2004 All-Ireland Under-21 Football Championship

Championship details

All-Ireland Champions
- Winning team: Armagh (1st win)
- Captain: Ciaran McKeever
- Manager: Peter Rafferty

All-Ireland Finalists
- Losing team: Mayo
- Manager: John Maughan

Provincial Champions
- Munster: Cork
- Leinster: Kildare
- Ulster: Armagh
- Connacht: Mayo

= 2004 All-Ireland Under-21 Football Championship =

Gaelic football competition

The 2004 All-Ireland Under-21 Football Championship was the 41st staging of the All-Ireland Under-21 Football Championship since its establishment by the Gaelic Athletic Association in 1964.

Dublin entered the championship as defending champions, however, they were defeated by Kildare in the Leinster final replay.

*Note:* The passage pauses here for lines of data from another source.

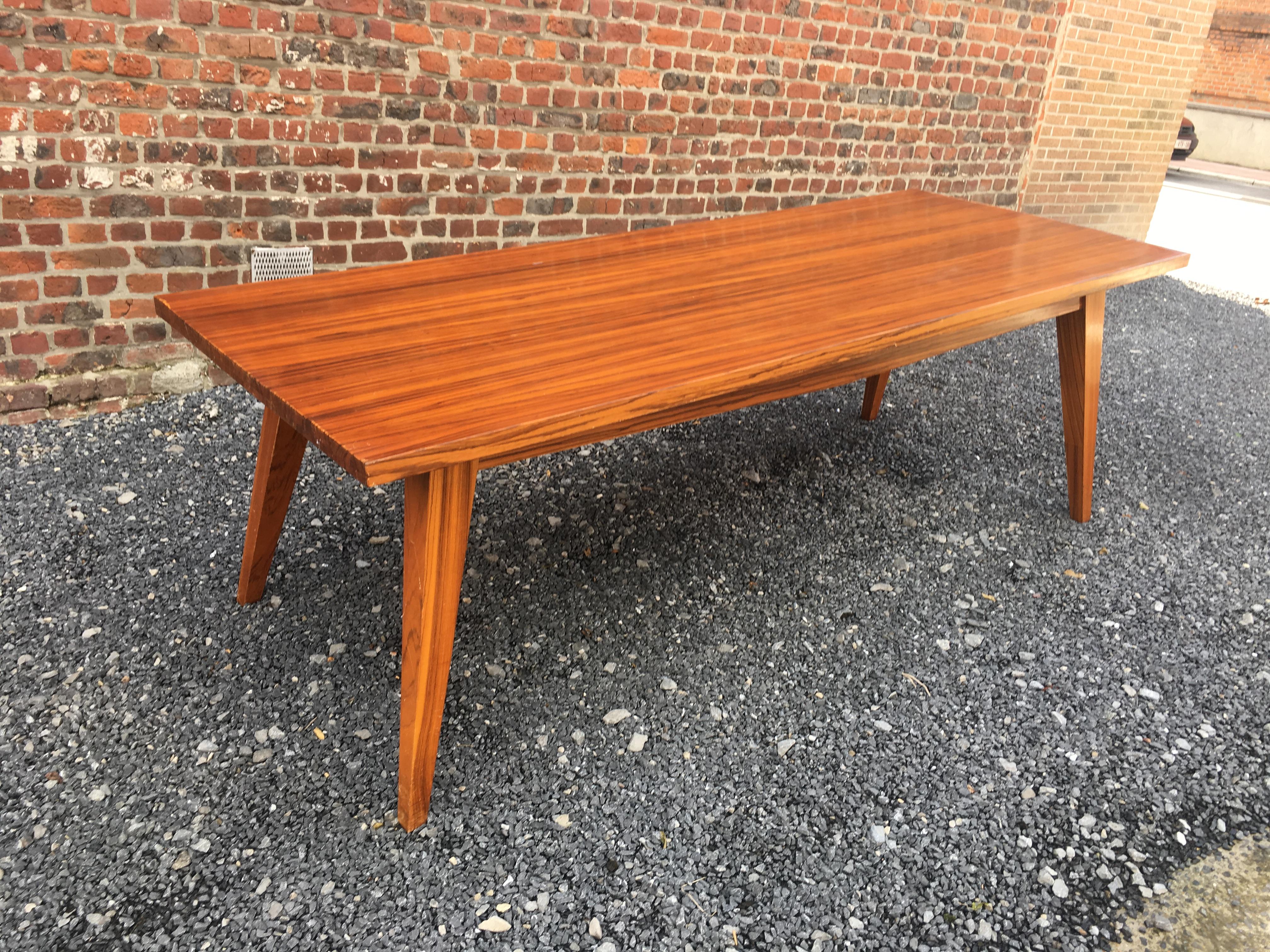 Large vintage table in solid zebra wood circa 1960 For Sale 4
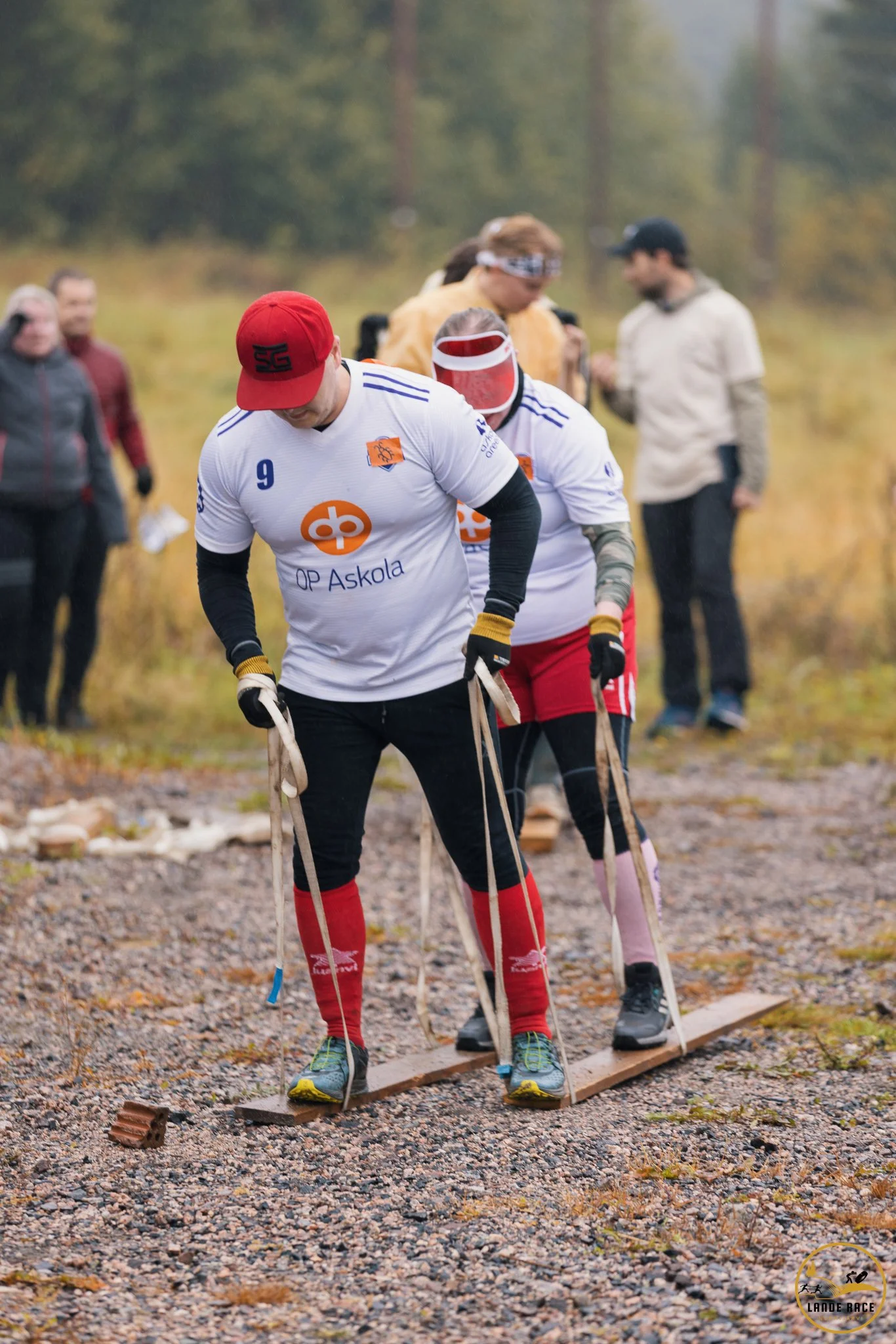 Huikea tyhypäivä hupijuoksussa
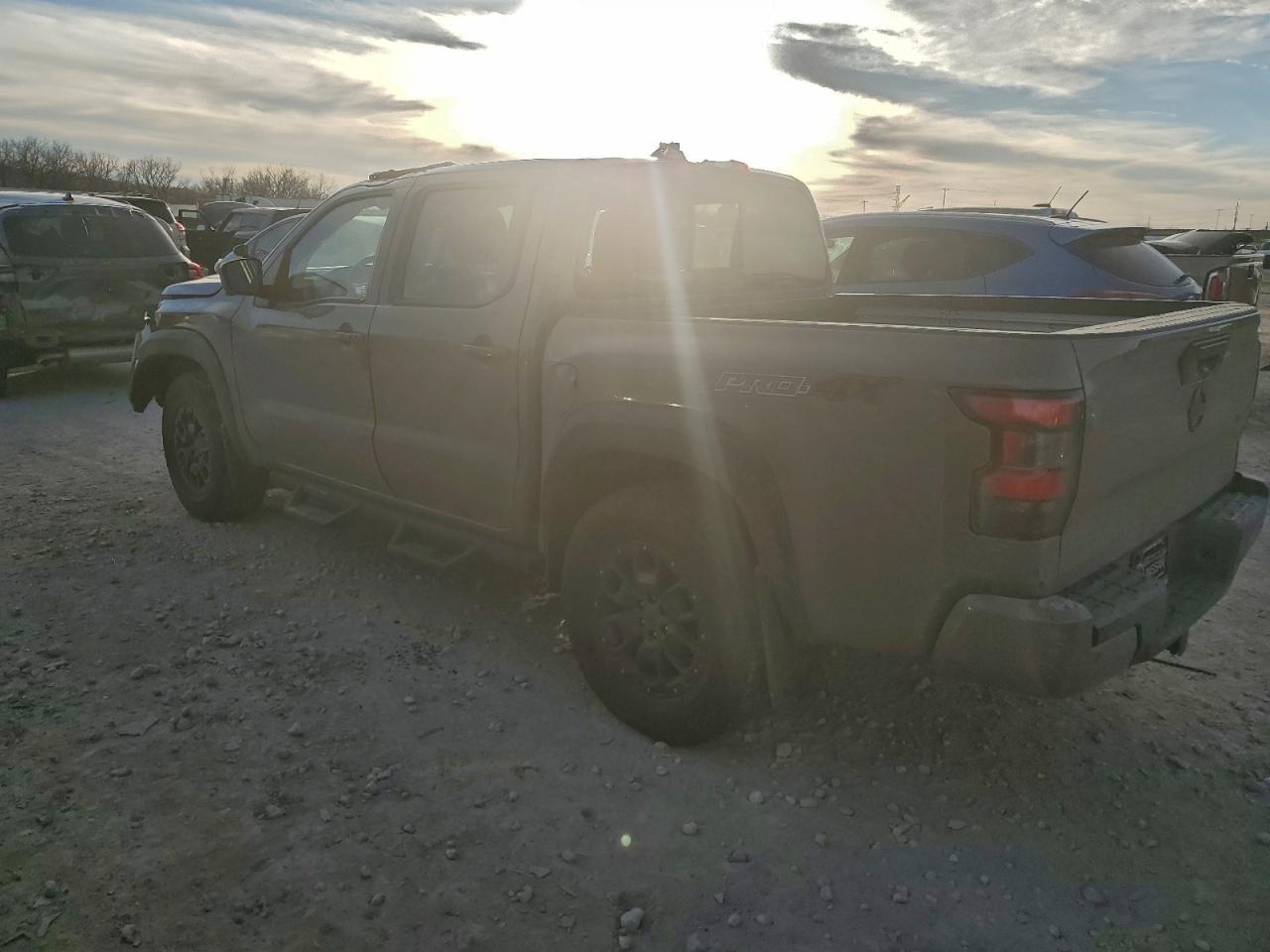 2023 NISSAN Frontier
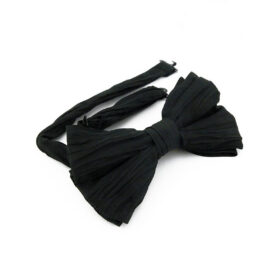 Noeud papillon noir aspect froissé
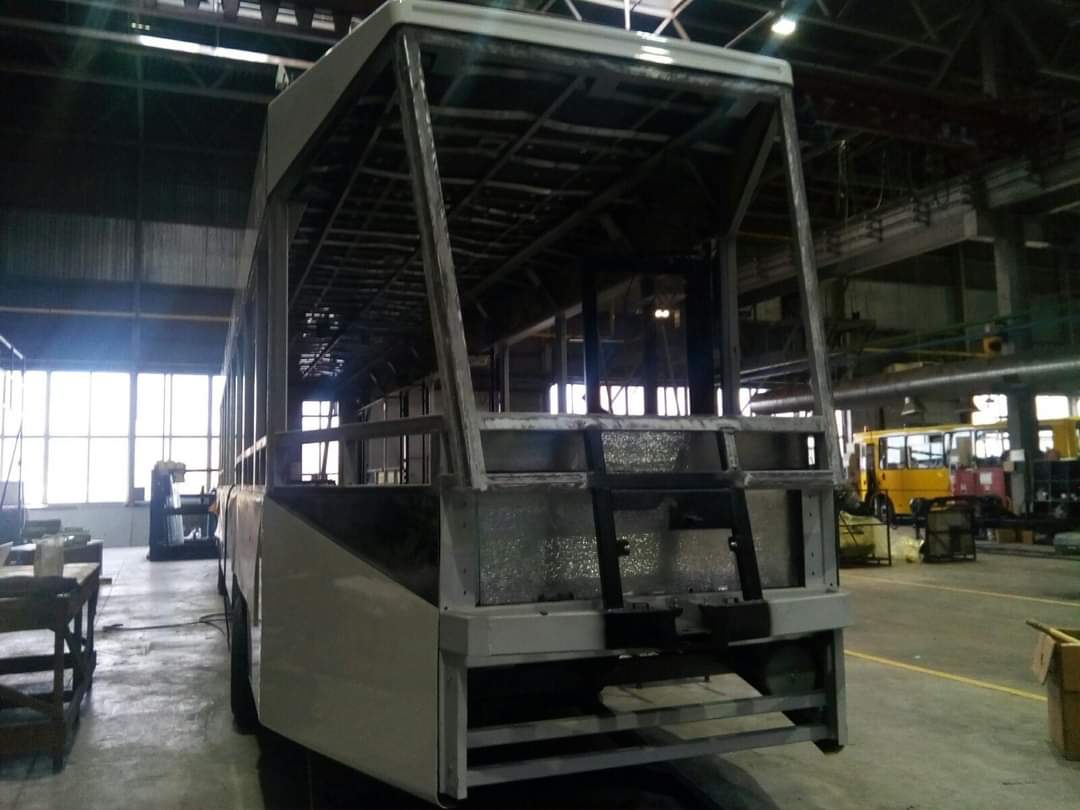 На заводі "Еталон" показали збірку свого першого трамвая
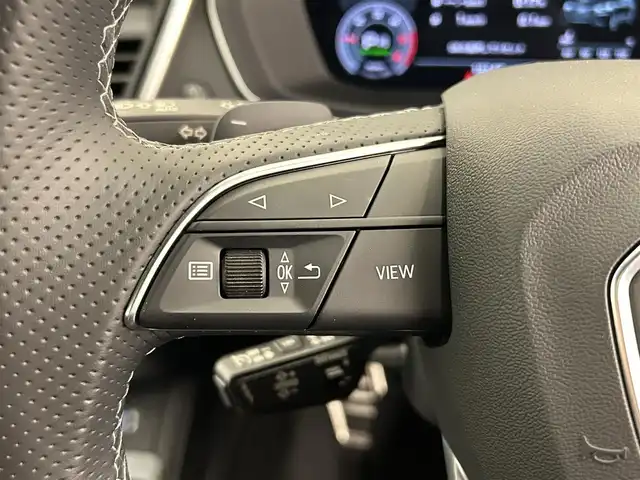 アウディ アウディ Ｑ５ SB 40TDIクワトロ Sライン 岡山県 2023(令5)年 2万km グレー ACC/衝突軽減B/アクティブレーンアシスト/パノラマサンルーフ/バーチャルコックピット/純正ナビ/全方位カメラ/フルセグTVチューナー/AppleCarPlay/AndroidAuto/アンビエントライト/アウディドライブセレクト/シートヒーター/純正19インチアルミ/・Sラインプラスパッケージ/アーティフィシャルインテリアレザー/全席シートヒーター/アコースティックガラス/・コンフォートパッケージ/ワイヤレスチャージ/リヤシートUSBチャージング/ステアリングヒーター/純正前後ドラレコ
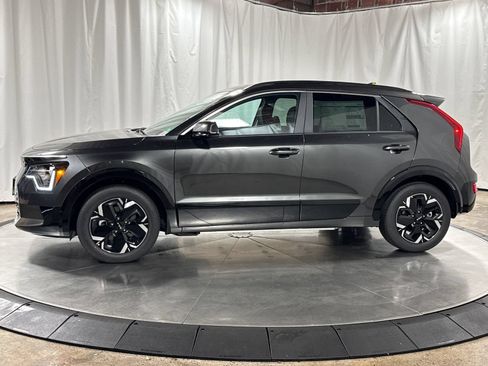New 2026 Kia Niro Wind w/ Wind Preserve Package FWD image 3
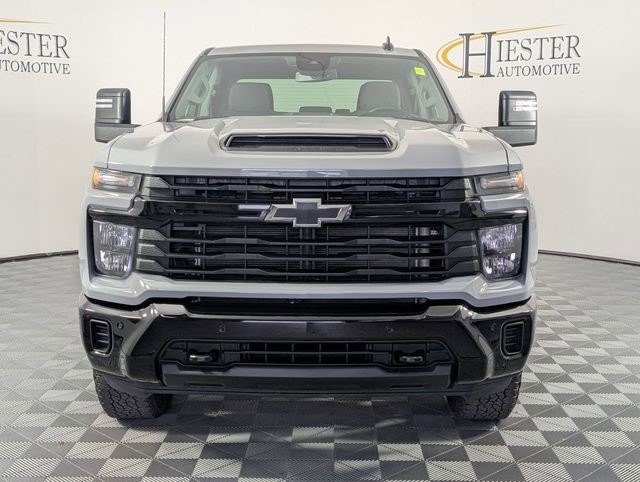 Certified 2025 Chevrolet Silverado 2500 Custom w/ Custom Value Package image 3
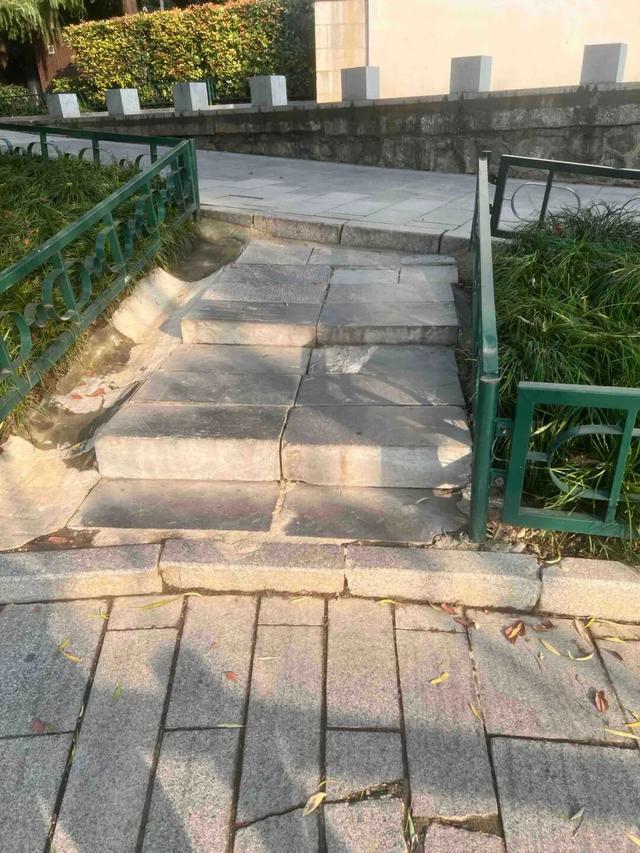 公园适老化方面这些做得还不错但还有改进空间pg模拟器试玩华商报记者走访了12座城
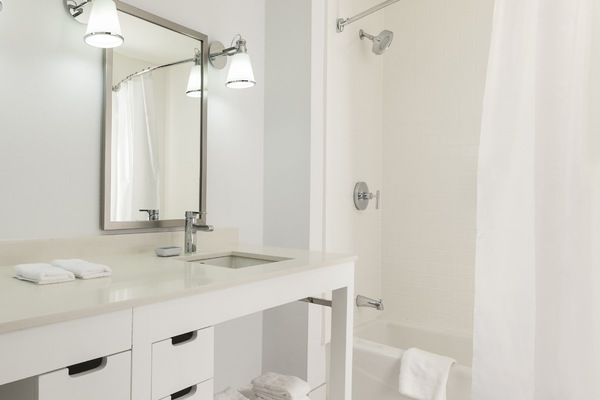 Ensemble baignoire-douche, articles de toilette (gratuits)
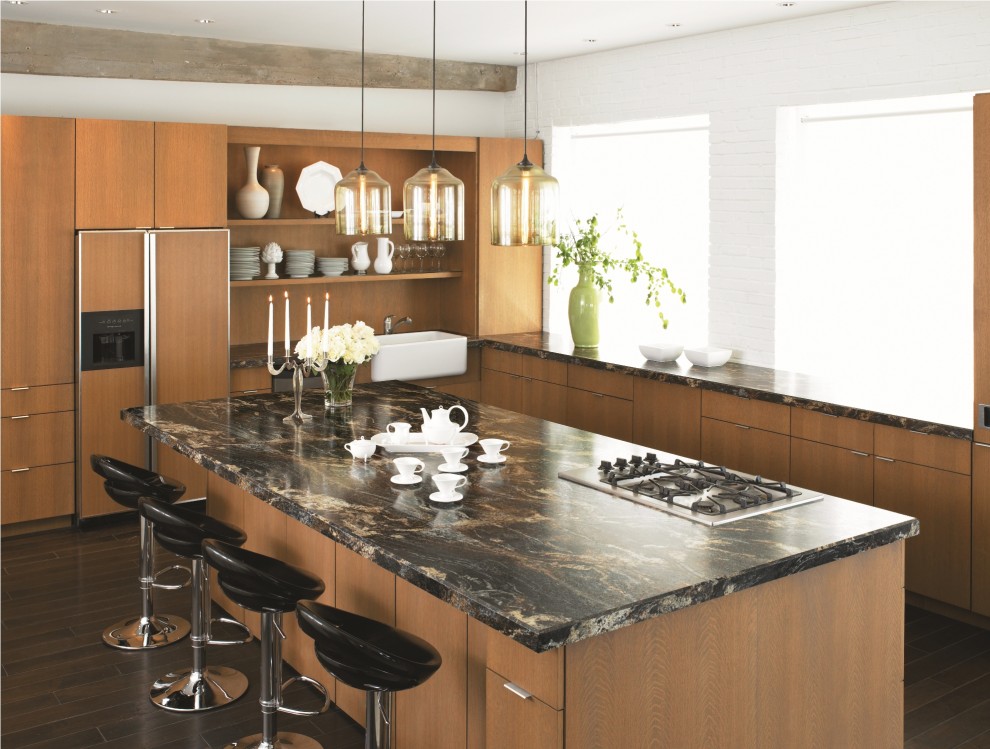 Imagen de cocina actual con fregadero sobremueble, armarios con paneles lisos, puertas de armario de madera oscura, encimera de laminado y barras de cocina
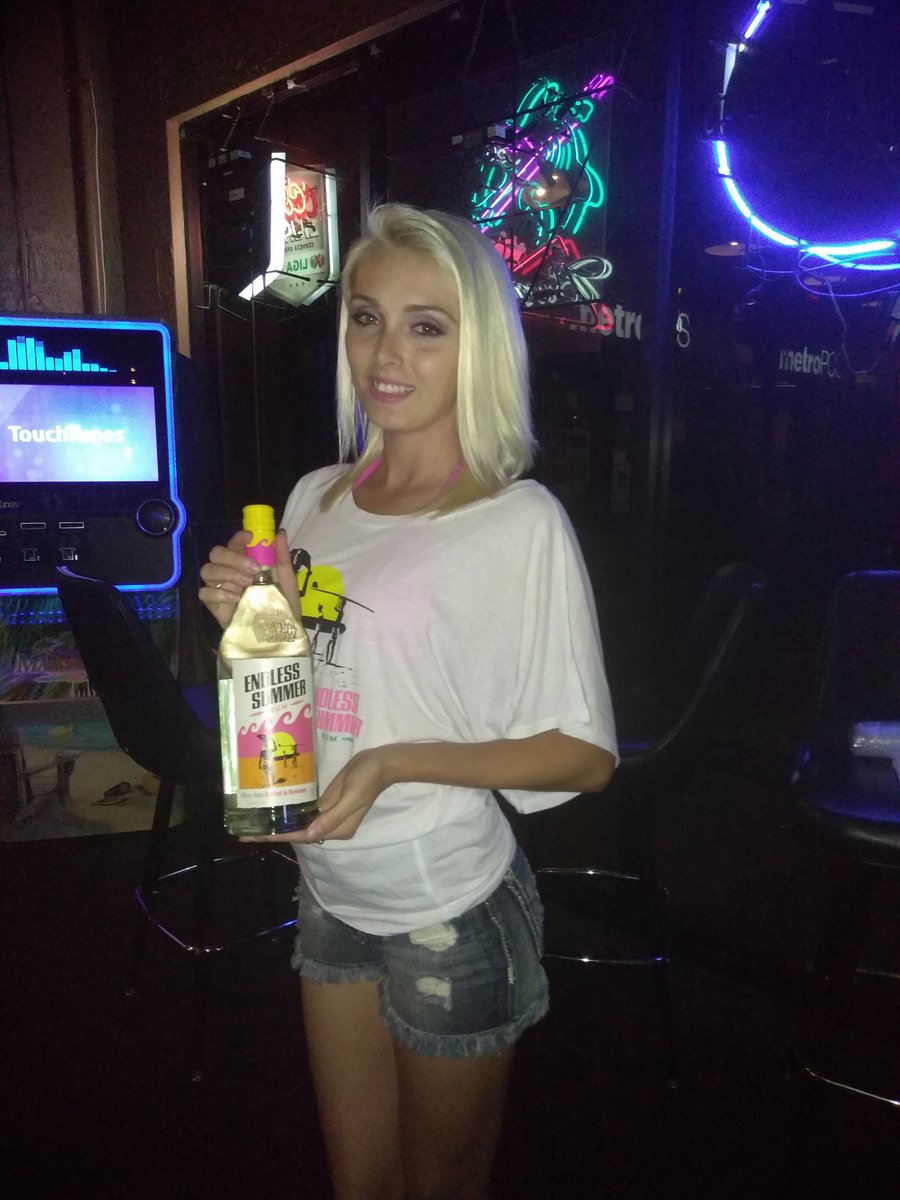 ScannellTalent's tweet photo. We're wishing the summer was endless, but with @EndlessSummer80 it can be! #EndlessSummerRum #promomodels #ScannellProductions #summerofrum https://t.co/mobL5AYwbv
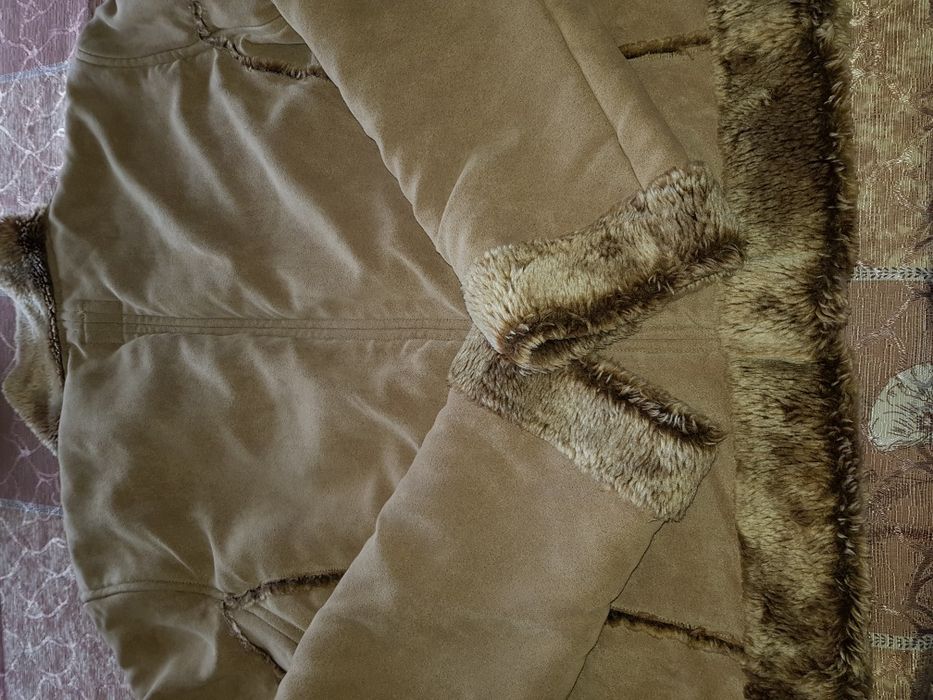 Бежово Дамско кожухче р-р М/Л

On 2 October 2004, Armagh won the championship following a 2–8 to 1–9 defeat of Mayo in the All-Ireland final. This was their first All-Ireland title.

==Results==
===All-Ireland Under-21 Football Championship===

Semi-finals

5 September 2004
Mayo 1-13 - 1-07 Kildare
5 September 2004
Armagh 1-19 - 2-10 Cork

Final

2 October 2004
Armagh 2-08 - 1-09 Mayo

==Statistics==
===Miscellaneous===

- The All-Ireland semi-final between Armagh and Cork is the first ever championship meeting between the two teams.